Postby Admin » Wednesday June 22nd, 2005 1:39 pm GMT

:h: We hope you have been enjoying our Open Forum. We also hope it is answering questions you may have had and giving you good reasons to get involved with your support of Team Law. We hope you find Team Law a place where the mysticism around topics rarely taught to the general public are unraveled, making them easy to understand. We appreciate your comments and invite you to tell everyone about Team Law.

It is virtually impossible to live in this “modern world” and not interact with others through contracts. It is also impossible to follow the teachings provided in scripture without participating in contracts for they require man to covenant with our Creator.

Where the principle elements of contracts, trusts and the concept of the corporation sole bring light to almost any relationship, we present them here together to help you better understand the various relationships you may be involved with.
Team Law's: Standard for Review

Rule 1: To understand any relationship you must:
  1. First understand who the parties are;
    1. Always know yourself first
    2. Discover the true nature of all other parties second
  2. Then you must understand the environmental and historical nature of the relationship; and,
  3. Only then do the actual terms of the relationship begin to have meaning and bearing on the relationship.
Rule 2: To have any hope of understanding any particular situation in any relationship you must have first applied Rule 1, only then do the details of the situation in question have any meaning; Thus, Rule two is, review the details in question only after you have completed the review required by Rule 1, then review the details in question in accord with the steps required in Rule 1.

The biggest problem with this is most people do not address themselves first. When you review the parties in any relationship you are personally involved with you must review your own personal nature first, including whatever capacity you serve in the relationship. The next biggest problem is people fail to do their own research and instead rely on third party sources. You must know your own nature and the capacity you serve in any relationship and you must do your own research from the actual facts and history of the relationship. If these necessities alone were followed, our nation’s Constitution would not be hanging by a thread and the confusion found in the Patriot, Law, Freedom and Tax movements would be resolved. Therefore, we set this standard as the Standard for Review of any situation involving a relationship between parties. Team Law uses this standard for review in every review we do. It is key reason we rarely get anything wrong in our reviews; the other reasons are we always go to the source and verify facts rather than ever trusting in any third party information, and we stick to the law and historical facts.

Having set that standard for review lets now move on to that special kind of relationship at the center of this topic — contracts.

Contracts
A contract, as we will consider the subject here, is defined as:
Black's Law Dictionary, 7th edition wrote:1. An agreement between two or more parties creating obligations that are enforceable or otherwise recognizable at law.

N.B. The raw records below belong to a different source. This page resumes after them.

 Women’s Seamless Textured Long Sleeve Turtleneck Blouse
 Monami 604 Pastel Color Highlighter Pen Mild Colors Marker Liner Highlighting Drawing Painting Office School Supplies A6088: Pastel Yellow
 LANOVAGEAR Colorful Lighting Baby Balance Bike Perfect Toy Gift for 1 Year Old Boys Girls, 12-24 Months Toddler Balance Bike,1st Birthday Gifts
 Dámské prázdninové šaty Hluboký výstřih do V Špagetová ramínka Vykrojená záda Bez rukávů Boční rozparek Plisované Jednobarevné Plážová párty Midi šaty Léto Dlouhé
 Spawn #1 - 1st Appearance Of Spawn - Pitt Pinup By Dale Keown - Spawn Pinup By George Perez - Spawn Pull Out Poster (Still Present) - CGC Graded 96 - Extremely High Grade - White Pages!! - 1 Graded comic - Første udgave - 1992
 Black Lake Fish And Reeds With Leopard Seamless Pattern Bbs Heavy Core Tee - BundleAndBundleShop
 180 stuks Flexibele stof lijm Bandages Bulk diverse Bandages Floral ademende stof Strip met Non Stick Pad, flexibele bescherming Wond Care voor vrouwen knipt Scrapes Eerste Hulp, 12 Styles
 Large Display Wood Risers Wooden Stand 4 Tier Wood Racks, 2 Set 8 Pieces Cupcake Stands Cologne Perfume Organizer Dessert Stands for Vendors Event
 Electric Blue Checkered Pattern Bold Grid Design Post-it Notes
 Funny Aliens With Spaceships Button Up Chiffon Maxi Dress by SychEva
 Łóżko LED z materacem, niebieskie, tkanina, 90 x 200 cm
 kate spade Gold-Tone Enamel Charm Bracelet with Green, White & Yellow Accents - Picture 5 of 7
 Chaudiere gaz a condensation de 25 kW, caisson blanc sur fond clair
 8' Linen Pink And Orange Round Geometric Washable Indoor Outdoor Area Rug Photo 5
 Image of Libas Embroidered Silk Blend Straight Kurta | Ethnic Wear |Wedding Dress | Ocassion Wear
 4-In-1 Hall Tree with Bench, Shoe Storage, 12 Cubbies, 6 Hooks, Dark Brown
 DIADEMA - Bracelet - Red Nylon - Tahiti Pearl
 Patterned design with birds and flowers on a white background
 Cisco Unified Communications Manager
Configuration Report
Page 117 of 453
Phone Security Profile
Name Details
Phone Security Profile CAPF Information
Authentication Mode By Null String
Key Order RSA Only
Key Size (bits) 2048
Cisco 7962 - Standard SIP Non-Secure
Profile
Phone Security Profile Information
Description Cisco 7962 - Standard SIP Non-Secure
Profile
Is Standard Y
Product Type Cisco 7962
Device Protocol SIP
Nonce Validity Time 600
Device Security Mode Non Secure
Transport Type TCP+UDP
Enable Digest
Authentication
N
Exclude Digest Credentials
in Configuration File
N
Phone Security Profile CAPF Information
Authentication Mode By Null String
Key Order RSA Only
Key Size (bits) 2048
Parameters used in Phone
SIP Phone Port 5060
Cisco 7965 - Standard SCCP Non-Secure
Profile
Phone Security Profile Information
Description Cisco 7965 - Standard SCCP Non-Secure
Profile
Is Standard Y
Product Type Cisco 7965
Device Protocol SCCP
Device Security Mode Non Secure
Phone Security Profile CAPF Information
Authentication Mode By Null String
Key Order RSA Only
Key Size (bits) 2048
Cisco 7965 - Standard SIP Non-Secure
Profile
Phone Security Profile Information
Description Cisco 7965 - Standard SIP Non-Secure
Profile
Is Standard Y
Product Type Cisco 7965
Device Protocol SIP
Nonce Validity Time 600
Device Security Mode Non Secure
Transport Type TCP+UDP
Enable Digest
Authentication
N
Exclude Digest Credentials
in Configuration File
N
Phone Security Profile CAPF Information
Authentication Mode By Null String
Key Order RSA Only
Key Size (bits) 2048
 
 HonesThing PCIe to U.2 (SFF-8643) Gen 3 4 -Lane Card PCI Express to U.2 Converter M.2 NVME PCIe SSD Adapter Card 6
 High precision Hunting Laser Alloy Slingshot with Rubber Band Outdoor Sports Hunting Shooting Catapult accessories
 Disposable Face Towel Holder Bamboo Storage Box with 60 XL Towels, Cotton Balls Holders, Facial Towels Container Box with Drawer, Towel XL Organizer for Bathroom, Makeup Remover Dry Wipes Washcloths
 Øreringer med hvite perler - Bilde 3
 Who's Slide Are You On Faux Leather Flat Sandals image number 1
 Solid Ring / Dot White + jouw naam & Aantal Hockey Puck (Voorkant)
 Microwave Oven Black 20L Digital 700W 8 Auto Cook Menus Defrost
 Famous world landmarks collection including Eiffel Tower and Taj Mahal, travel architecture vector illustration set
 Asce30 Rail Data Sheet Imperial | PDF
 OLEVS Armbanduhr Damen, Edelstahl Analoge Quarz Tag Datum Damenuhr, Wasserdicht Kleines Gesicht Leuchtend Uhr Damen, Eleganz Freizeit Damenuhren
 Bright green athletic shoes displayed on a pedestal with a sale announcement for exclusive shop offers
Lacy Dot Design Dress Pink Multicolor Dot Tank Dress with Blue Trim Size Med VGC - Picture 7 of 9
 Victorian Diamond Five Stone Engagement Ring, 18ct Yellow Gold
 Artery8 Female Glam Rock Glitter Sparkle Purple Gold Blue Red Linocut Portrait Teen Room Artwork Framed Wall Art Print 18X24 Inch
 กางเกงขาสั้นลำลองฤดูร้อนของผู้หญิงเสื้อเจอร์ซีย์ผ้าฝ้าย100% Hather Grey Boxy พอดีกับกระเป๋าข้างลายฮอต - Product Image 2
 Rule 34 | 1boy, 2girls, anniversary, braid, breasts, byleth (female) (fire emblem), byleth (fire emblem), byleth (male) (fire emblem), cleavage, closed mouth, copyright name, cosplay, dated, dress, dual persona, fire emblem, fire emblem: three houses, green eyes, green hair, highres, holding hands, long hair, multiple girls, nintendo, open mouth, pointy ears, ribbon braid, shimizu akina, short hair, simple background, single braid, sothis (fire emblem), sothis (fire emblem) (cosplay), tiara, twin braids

Every contract, whether implied or written, must have all of the following elements:
  1. a giver;
  2. a receiver;
  3. valuable consideration over time; and,
  4. acceptance.
Some people get a bit confused here in the matter of acceptance; they are of the impression that acceptance requires a signature and they think a signature must be performed in pen and ink. The courts accept signatures on paper as evidence of the intent to accept (agree to) the terms of a contract; the courts recognize such evidence indicates the signer’s intent to agree, which intent is proven by the signer’s signature act; that is the signer placed the pen on the paper and purposefully moved it in order to leave the ink trail as evidence of the signer’s agreement. The proof of agreement is the signature act not the trail of ink. The trail of ink is merely evidence of the signature act. Therefore, when a person performs an act that evidences agreement with, or compliance to, the terms of a contract, written or not, the act itself is a signature act that proves the agreement and so the contract. It should go without saying that written contracts make proving the terms of the relationship far easier and remove questions as to the terms of the agreement. A lawful contract cannot compel the impossible. A lawful contract cannot compel an unlawful act.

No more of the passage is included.